On 02/17/2012 02:51 PM, Jon Callas wrote:

On Feb 17, 2012, at 12:41 PM, Nico Williams wrote:

I'd like for /dev/urandom to block, but only early in boot.  Once
enough entropy has been gathered for it to start it should never
block.  One way to achieve this is to block boot progress early
enough in booting by reading from /dev/random, thus there'd be no
need for /dev/urandom to ever block.

I can understand why you might want that, but that would be wrong
with a capital W. The whole *point* of /dev/urandom is that it
doesn't block.

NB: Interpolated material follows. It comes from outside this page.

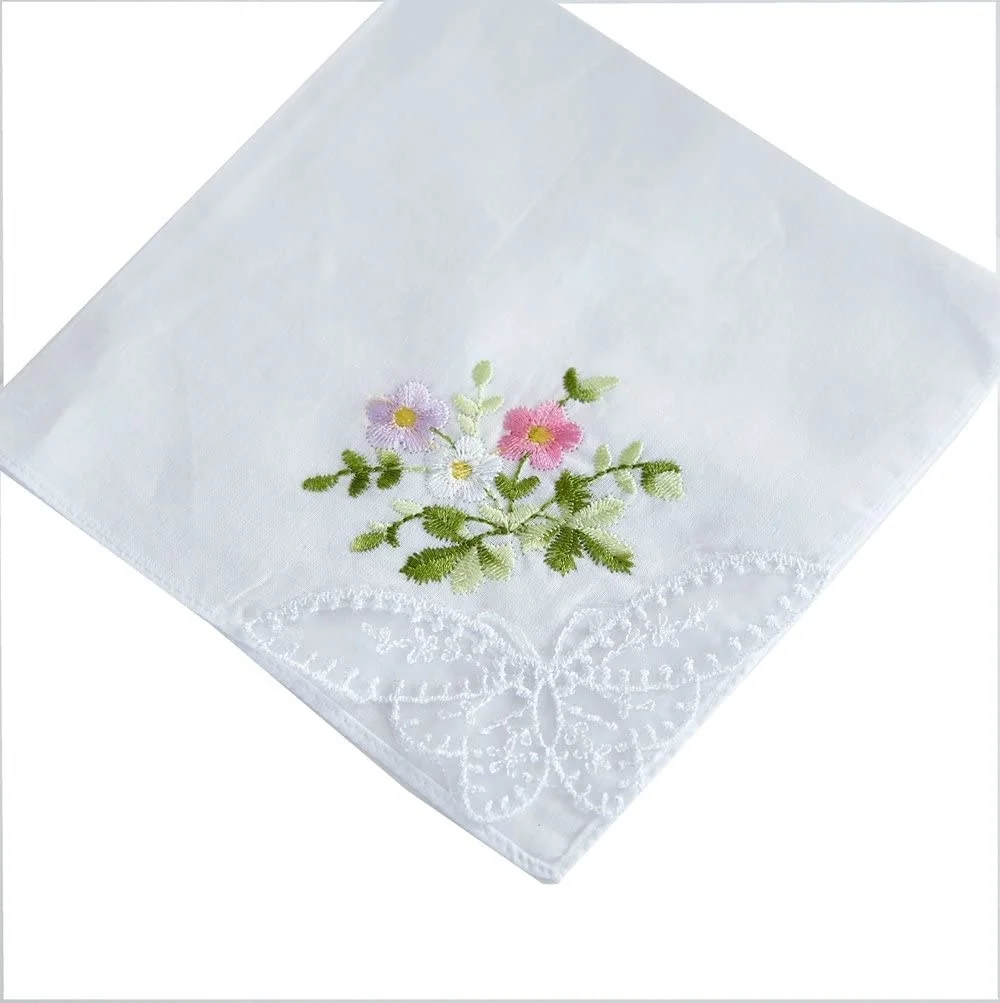 Женский хлопковый мягкий платок с цветочным принтом, модный стиль, недорогой цветочный простой жаккардовый рисунок с логотипом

If you want blocking behavior, you should be calling
/dev/random.

Alternatively, we could specify a /dev/nrandom which has the behavior Nico desires.

The correct solution is to have early-stage boot code
call /dev/random if it wants blocking behavior.

Except when /dev/random is equivalent to to /dev/urandom, as in OpenBSD and whatever Ben just posted from (FreeBSD perhaps?).

(Note that I have completely ignored an argument of why blocking is
rarely a good idea, which is the reason people call /dev/urandom. No
one said software engineering was easy.)

"Don't block unless it's truly so soon after startup that the kernel's (nondecreasing) accumulated entropy estimate is pathologically low" ought to be a satisfiable requirement.

The guy who writes the ssh_keygen program shouldn't have to try to figure out if he's being called from /etc/rc*, he should be able to get what he needs from a standard device.